Twitter continues to march toward its highly anticipated initial public offering. Sources told Quartz that the social media platform could make its S-1 filing public as early as this week, a move that could prime the investment pump with critical data about the company’s business model and financial condition. Adding fuel to the speculative fire is a report from Reuters that revealed that Goldman Sachs (NYSE:GS), the lead underwriter of the IPO, sent an email to to private shareholders asking that they commit to a six-month lockup.
Early investors in a company are often asked to agree to a lockup period ahead of an IPO. This ensures that those investors — who usually have large stakes in the company — don’t use the IPO as an opportunity to exit their position all at once, flooding the market with shares and driving down the price as a result.
Twitter announced via a tweet on September 12 that it had confidentially filed its S-1 document, but insiders revealed that the company actually submitted the paperwork to the Securities and Exchange Commission in July. Twitter was able to submit its filing privately thanks to the Jump Start Our Business Startups Act (JOBS Act), which was passed in 2012 in an attempt to encourage small businesses to seek public funding through the markets.
Although somewhat controversial, the JOBS act has allowed companies like Twitter to test the waters without necessarily disclosing any sensitive information to the public. A confidential filing allows Twitter to court large investors and grapple with the issues of demand for equity and valuation in private before pulling back the curtain, which could help reduce volatility when shares ultimately go public.
And the JOBS act isn’t the only way Twitter is protecting itself ahead of the IPO. A document published by the SEC shows that the regulatory agency “will not object if Twitter does not comply with the registration requirements of Section 12G of the Securities Exchange Act of 1934 with respect to restricted stock units granted and to be granted pursuant to Twitter’s 2007 Equity Incentive Plan.”
Typically, companies with more than $10 million in total assets and with more than 2,000 individual shareholders or 500 accredited investors are required to disclose information almost as if they were a publicly traded company. This requirement his attracted a fair share of criticism over the past few years and reared its head with the Facebook (NASDAQ:FB) IPO. Many companies — particularly Internet and technology companies — are keen on keeping as much information about their business model out of the public spotlight for as long as possible (hence the JOBS act).
The SEC has said that Twitter will not have to disclose additional information because of Section 12G, which will allow it to keep things under wrap until the social media giant is ready to disclose on its own terms.

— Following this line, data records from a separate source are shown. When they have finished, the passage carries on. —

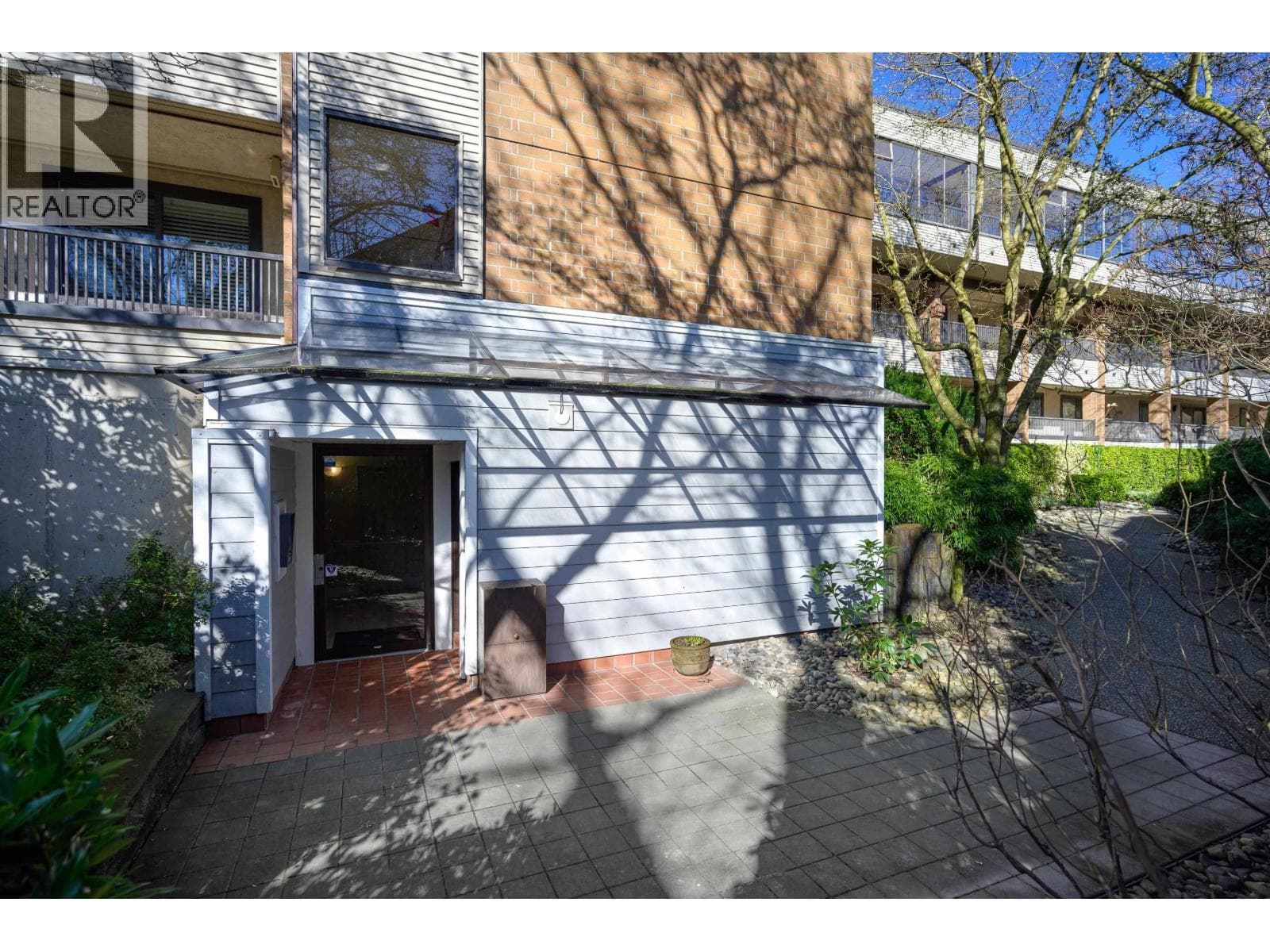 110 4803 48 AVENUE photo 4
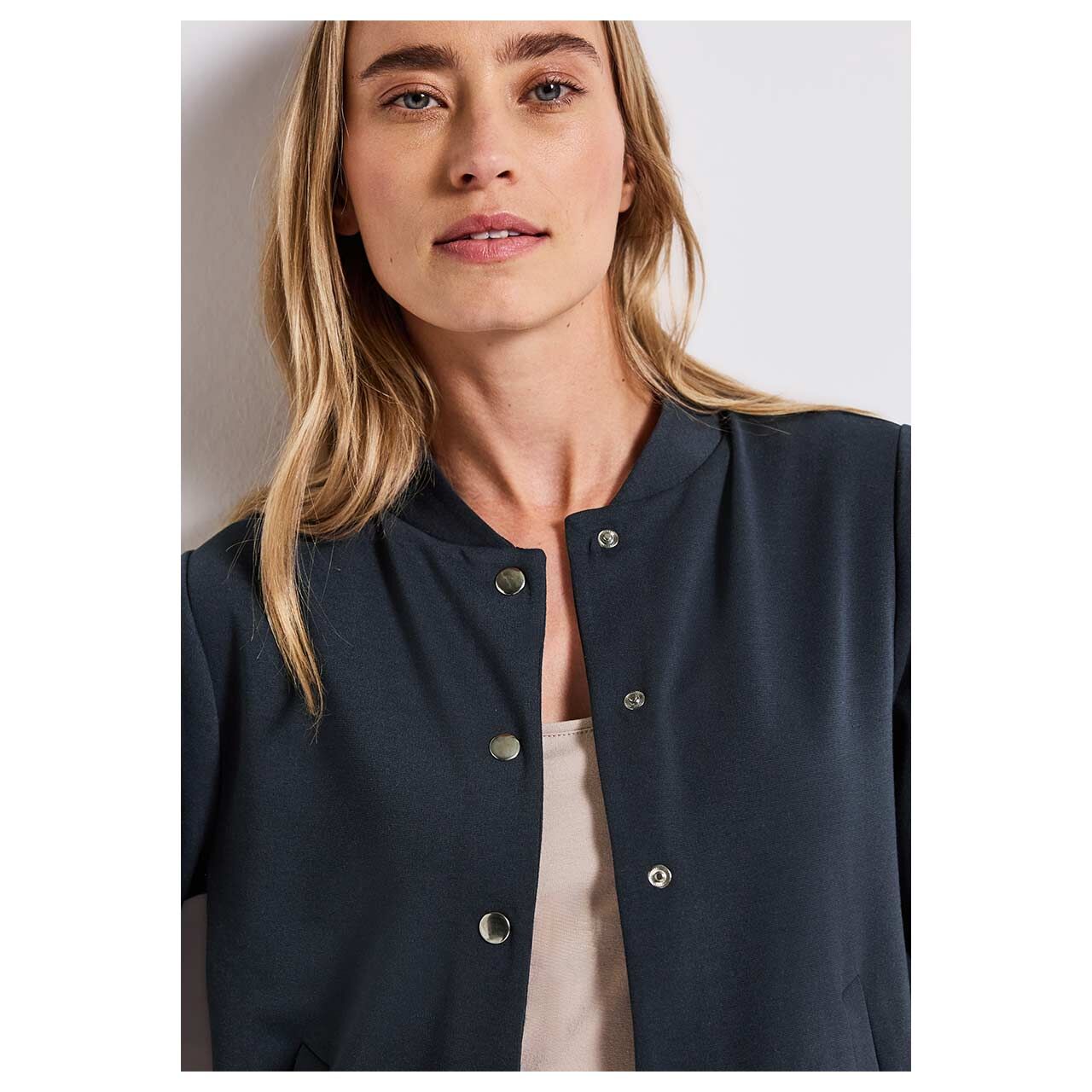 Damen Sweatjacke Short Jacket von Street One in Dunkelblau, detaillierte Oberkörperansicht am Model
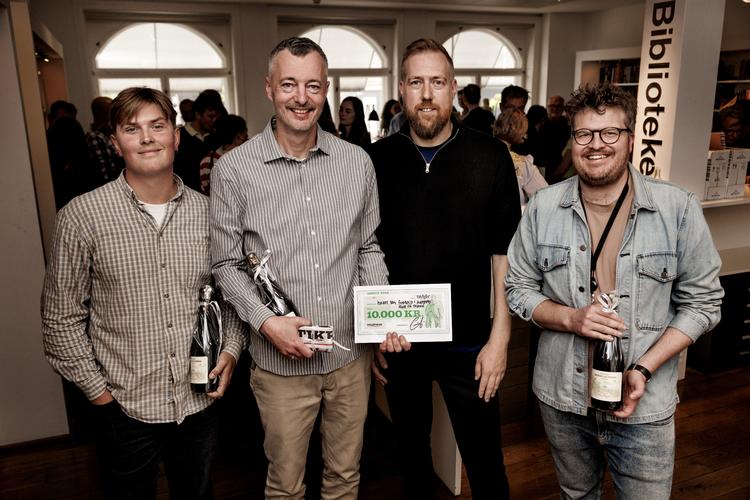 Holdet bag artikel- og podcastserien 'Fodbold i flammer' og 'Blod på trøjen' modtager Hørup-prisen 2025.
Fra venstre: Magnus Kofoed Lassen, Christian Heide-Jørgensen, Jeppe Laursen Brock og Jonas Schrøder-Andreasen Foto: Jacob Ehrbahn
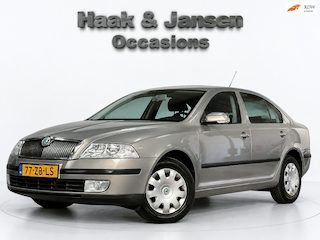 Skoda Octavia 1.6 Ambiente - Cruise - Airco - Radio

The big specter that haunts many conversations about Twitter’s IPO is the mess that was the Facebook IPO. Facebook’s IPO has earned a place in history as an example of what an IPO should not look like. The IPO — launched on the Nasdaq, the exchange operated by the Nasdaq OMX Group (NASDAQ:NDAQ) — was plagued with technical errors. Combined with a huge amount of hype and a valuation that was, at the time, perhaps too generous, it was a recipe for disaster.
Facebook launched its IPO on May 18 with shares priced at $38 a pop, and some combination of deflating hype, technical malfunction, and market voodoo drove shares down more than 32 percent by June 5. By September, the stock had lost more than 50 percent of its value. The Facebook IPO could be one reason that Twitter has reportedly chosen to list on the New York Stock Exchange, which is operated by NYSE Euronext (NYSE:NYX). NSYE Euronext has worked hard recently to gain more major tech listings, and Twitter could be a trophy addition to its growing lineup.
Twitter is expected to sell between 50 million and 55 million shares priced between $28 and $30, raising between $1.4 billion and $1.65 billion whether it lists on the Nasdaq or NYSE Euronext. Such a sale would value the company somewhere between $15 and $16 billion, higher than the $10 billion estimate that was tossed around a few months ago.